この場合、法的な専門知識が不可欠のため、誹謗中傷問題に強い弁護士または法テラスへ相談しましょう。
脅迫・強要を受けている場合
誹謗中傷がエスカレートすると、過去にSNSへ投稿されたわずかな手がかりから個人が特定され、実際に自宅まで見知らぬ人が訪問してくるケースもあります。なかには自分自身や家族にまで危害を及ぼすような脅迫めいたメッセージが届く場合もあり、身の危険を感じることもあるでしょう。
このように、何らかの危害がおよぶ危険性がある場合には、できるだけ早めに最寄りの警察署やサイバー犯罪相談窓口へ相談しましょう。「まさか本当に危害をおよぼすことはないだろう」と考えていても、エスカレートした加害者が実際に行動に移す可能性も否定できません。
どう解決すれば良いか分からない場合
「これは誹謗中傷にあたらないのではないか」または「相談できる弁護士がいない」、「警察では動いてくれなかった」など、解決したいと考えているもののうまくいかないこともあります。そのような場合には、誹謗中傷や風評被害対策などを専門に扱っている業者へ相談してみるのもひとつの方法です。
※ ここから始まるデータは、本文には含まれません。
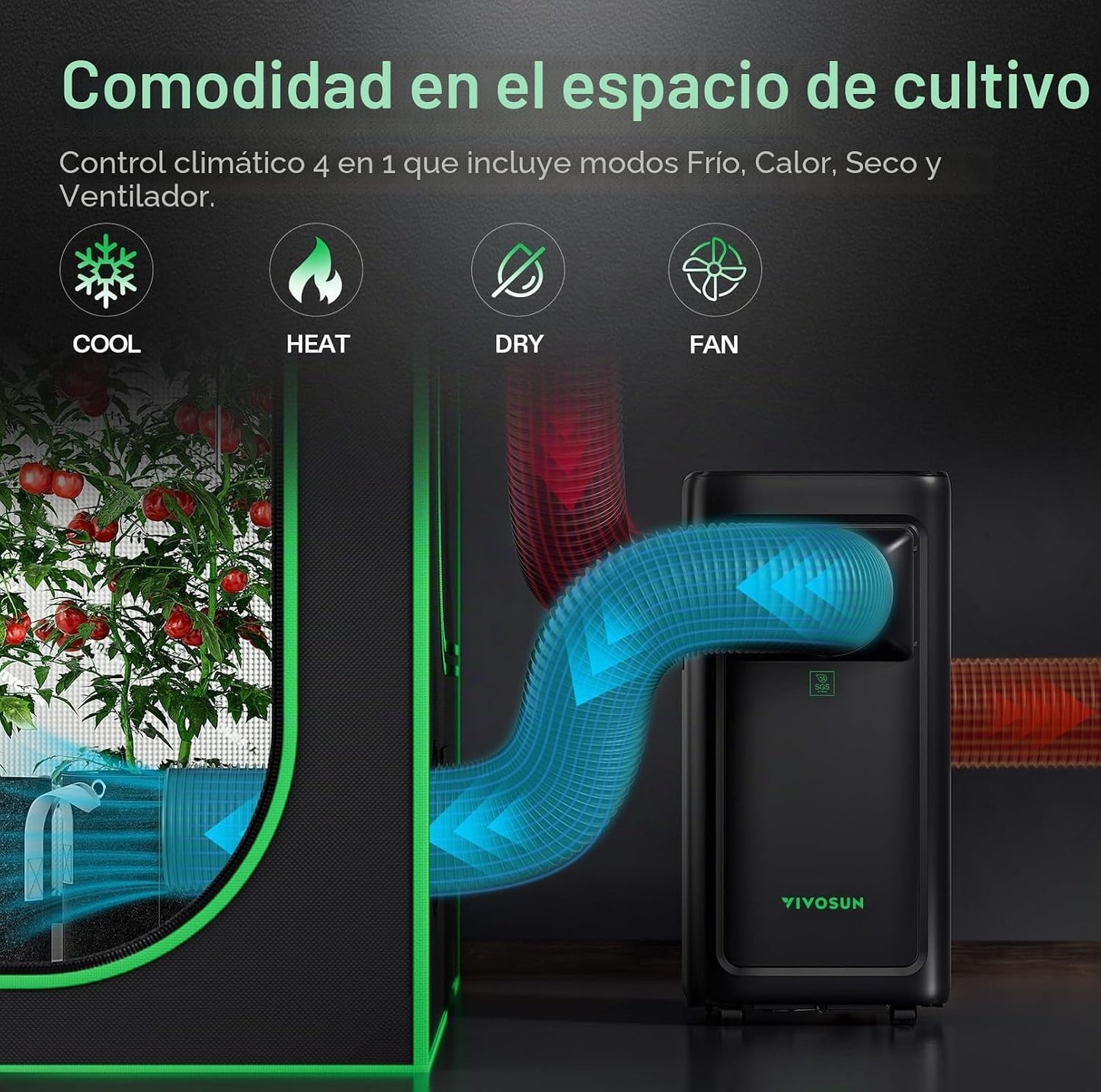 VIVOSUN AeroLush C08 Aire Acondicionado Inteligente, 7000 BTU, Función 4 en 1 con Sensor de Temperatura y Humedad, Control Remoto Inteligente, Ideal para Tiendas de Cultivo y Espacios Interiores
たとえば、SNSで誹謗中傷を投稿している本人に対し、第三者から削除依頼をすることで解決するケースもあります。
誹謗中傷を受けた場合はできるだけ早めに対処を
誹謗中傷を放置しておくと、徐々に多くのSNSユーザーへ拡散され、やがて収拾がつかなくなるほど炎上するケースも少なくありません。「事実無根の内容だし気にする必要はない」と考えていても、必ずしも誤解が解けるとは限らず、誤った認識のまま悪評として広がってしまうこともあるのです。
被害を広げないためにも、誹謗中傷を受けた場合にはできるだけ早めに対処し、炎上にいたる前の段階で適切に処理しておくようにしましょう。